▶ [Directions]: Your copy of the data below must be exact and must leave out all pictures.

▶ [Data block]:
----------------

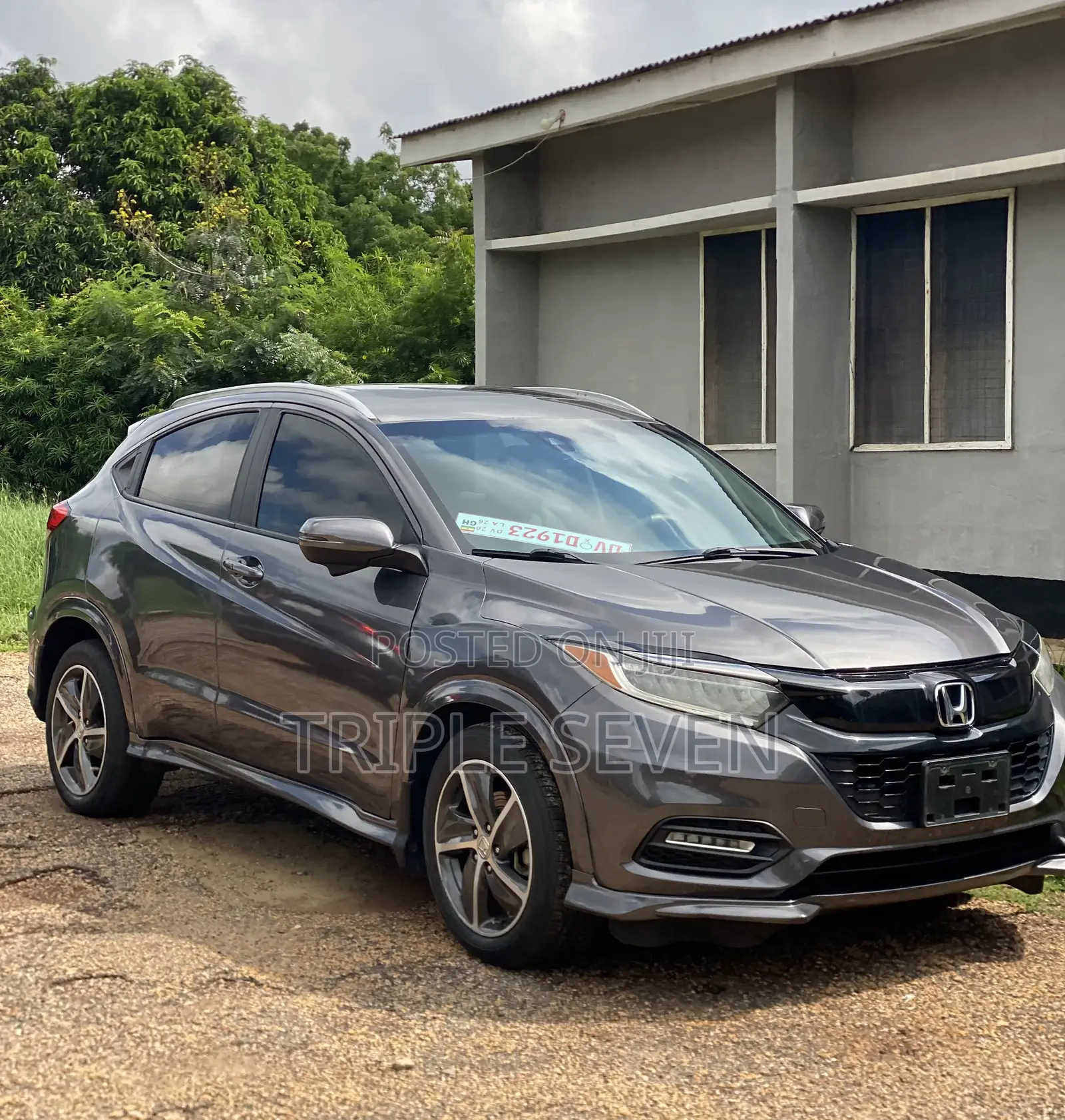 Honda HR-V Touring AWD 2019 Gray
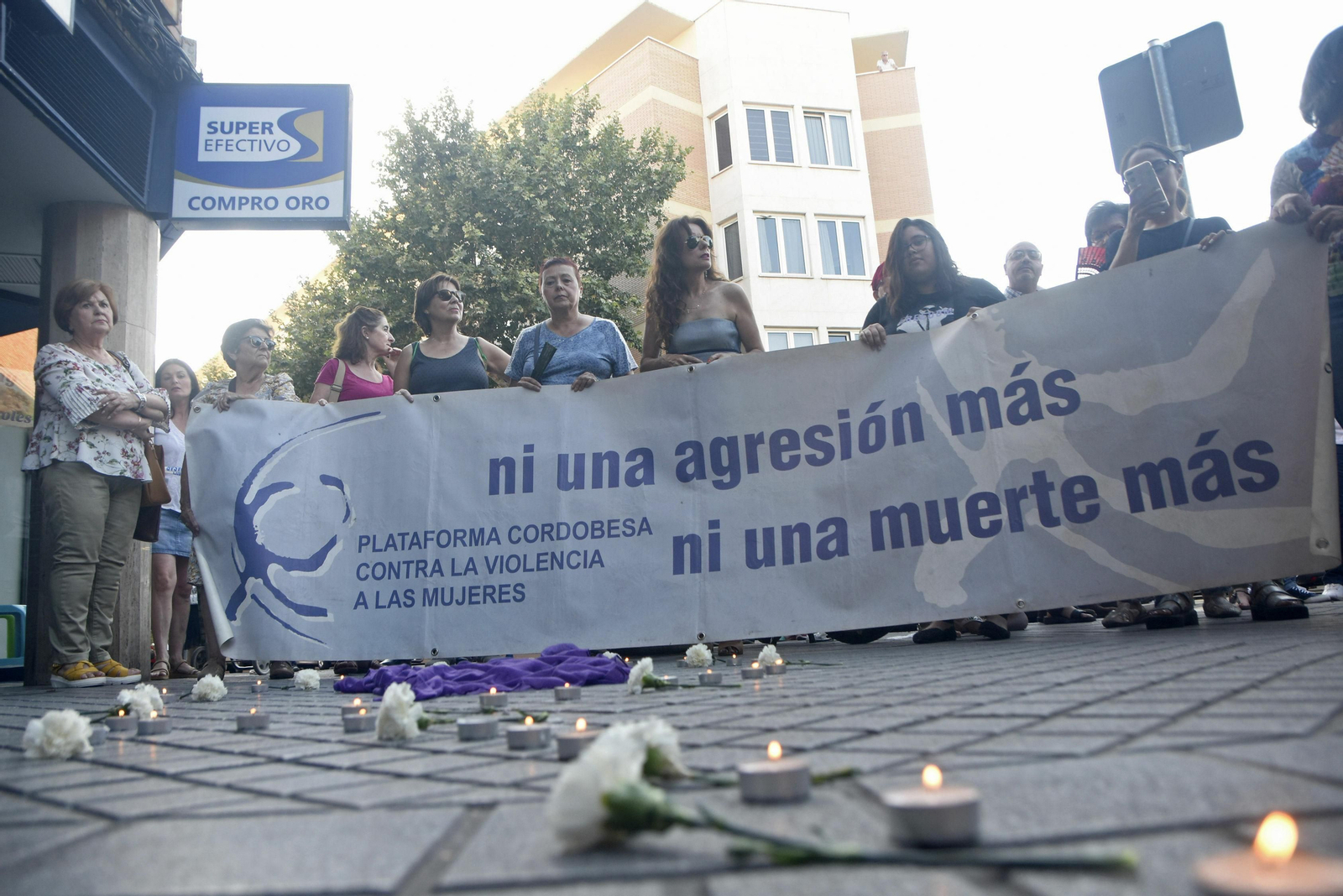 Concentración de la Plataforma cordobesa contra la violencia a las mujeres, en Valdeolleros.
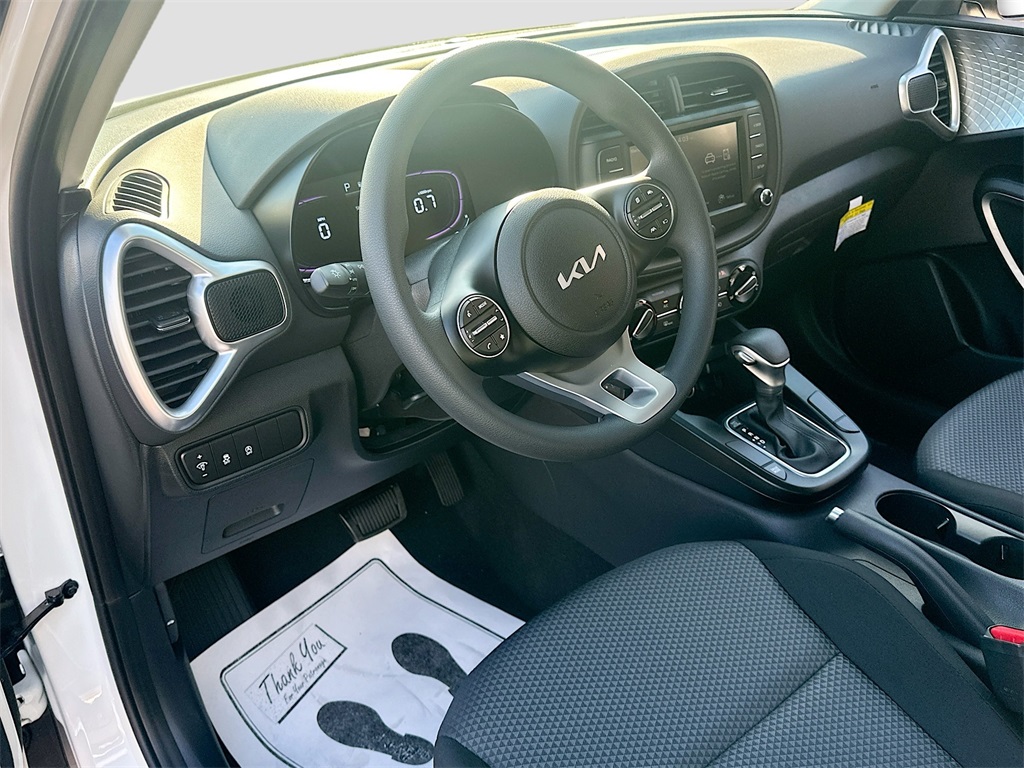 2025 Kia Soul LX photo 4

----------------

▶ [Answer to this exercise]:
 Honda HR-V Touring AWD 2019 Gray
 Concentración de la Plataforma cordobesa contra la violencia a las mujeres, en Valdeolleros.
 2025 Kia Soul LX photo 4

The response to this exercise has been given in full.